Elizabeth Day 

Anna Maxwell Martin: ‘Loads of women’s drama is really dumbed down’

The actor tells Elizabeth Day about the dearth of funny roles for women, dance-offs and why she's only ever spotted in Waitrose
  
  

Anna Maxwell Martin, Q&A
Anna Maxwell Martin: ‘I don’t mind if someone says, “I saw you in Cabaret. I hated it.”’ Photograph: Teri Pengilley Photograph: Teri Pengilley

Did you have a nice Christmas?

It was lovely. We were at home in London and then up in North Yorkshire, where my best friend has just moved on to a pig farm.

What was your favourite present?

Oh… erm… I'm never that into presents. I don't mean to sound like a total martyr but I can't even remember what I was given. I got a vegetable strainer, which I quite like. It's yellow.

You are about to appear at the Hampstead theatre in Di and Viv and Rose, a play written by Amelia Bullmore, which features three strong, funny female characters. Is it rare for women to find original material like that to act in?

Yes, massively. Very few people are doing it. Julia Davis is a huge champion and she does it amazingly, and there are others like Victoria Wood, but to have three funny women at the centre of the play is quite rare. And they're not laughing about periods or tampons, it's almost boyish humour. Some of it's quite crass and sexual, but it's really witty as well. It's hard to come across those parts. I find loads of women's parts are really dumbed down. Loads of women's drama is really dumbed down. But when I read this script, by the time I got to page five, I knew I wanted to be in it.

You read history at Liverpool University But I am quite stupid. I didn't do very much. I worked out with a very dear friend of mine that if we learned five facts about each thing, because we were both quite good at arguing, it would get us through any exam. You just needed five facts and a really good argument. We both got 2:1s. He went on to become an army officer dealing in logistics, and our other friend who learned everything also got a 2:1. I'm just not academic. I got asked to be on University Challenge this year, the Christmas one, and I had to say no.

You specialised in the first world war in your degree. Was that part of the reason you took on the role of Sarah Burton in the BBC adaptation of Winifred Holtby's interwar novel South Riding in 2011?

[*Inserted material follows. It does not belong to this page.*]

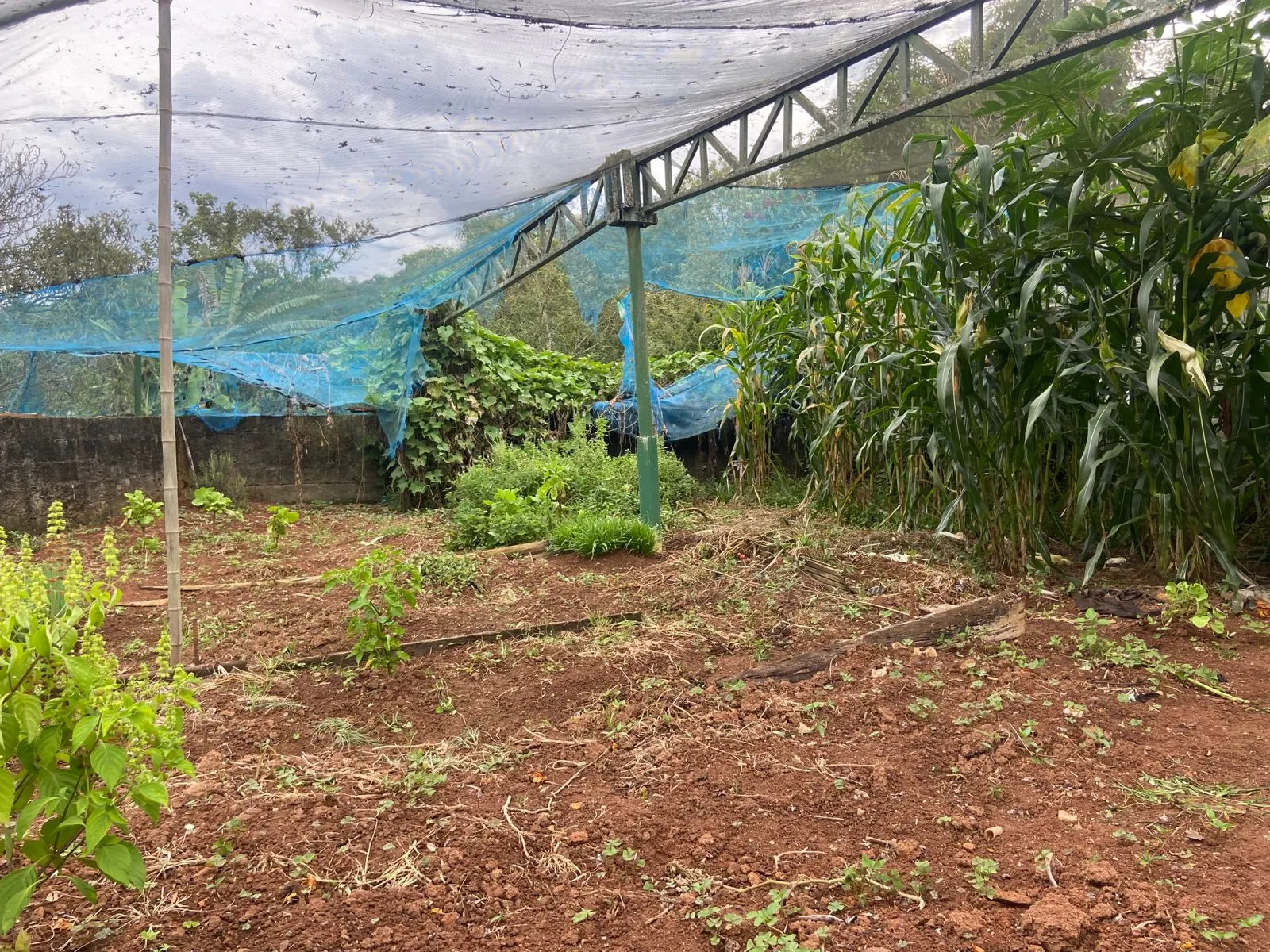 Country home for sale of 2 acres in Cunha, SP, Brazil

Oh, there were so many reasons. South Riding is fictional but it's based on East Riding, where we filmed and where I was born and brought up. I received lots of letters from people whose mother or grandmother knew Winifred Holtby and that was extraordinary for me. I understood that area. Those beaches were where my father took me as a little girl. I find that interwar period fascinating. It's that awful thing, which we touched on in South Riding, where no one knows they're on the cusp of another war.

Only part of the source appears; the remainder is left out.